Records provided section start

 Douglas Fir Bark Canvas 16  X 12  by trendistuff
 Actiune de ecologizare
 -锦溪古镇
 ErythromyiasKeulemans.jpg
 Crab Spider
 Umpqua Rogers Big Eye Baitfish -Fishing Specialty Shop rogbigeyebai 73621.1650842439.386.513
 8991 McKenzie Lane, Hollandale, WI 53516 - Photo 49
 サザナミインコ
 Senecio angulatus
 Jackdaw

Records provided section end

* _Assignment_
Take the entries above and transcribe them exactly as they stand.

* _Result of this exercise_
 Douglas Fir Bark Canvas 16  X 12  by trendistuff
 Actiune de ecologizare
 -锦溪古镇
 ErythromyiasKeulemans.jpg
 Crab Spider
 Umpqua Rogers Big Eye Baitfish -Fishing Specialty Shop rogbigeyebai 73621.1650842439.386.513
 8991 McKenzie Lane, Hollandale, WI 53516 - Photo 49
 サザナミインコ
 Senecio angulatus
 Jackdaw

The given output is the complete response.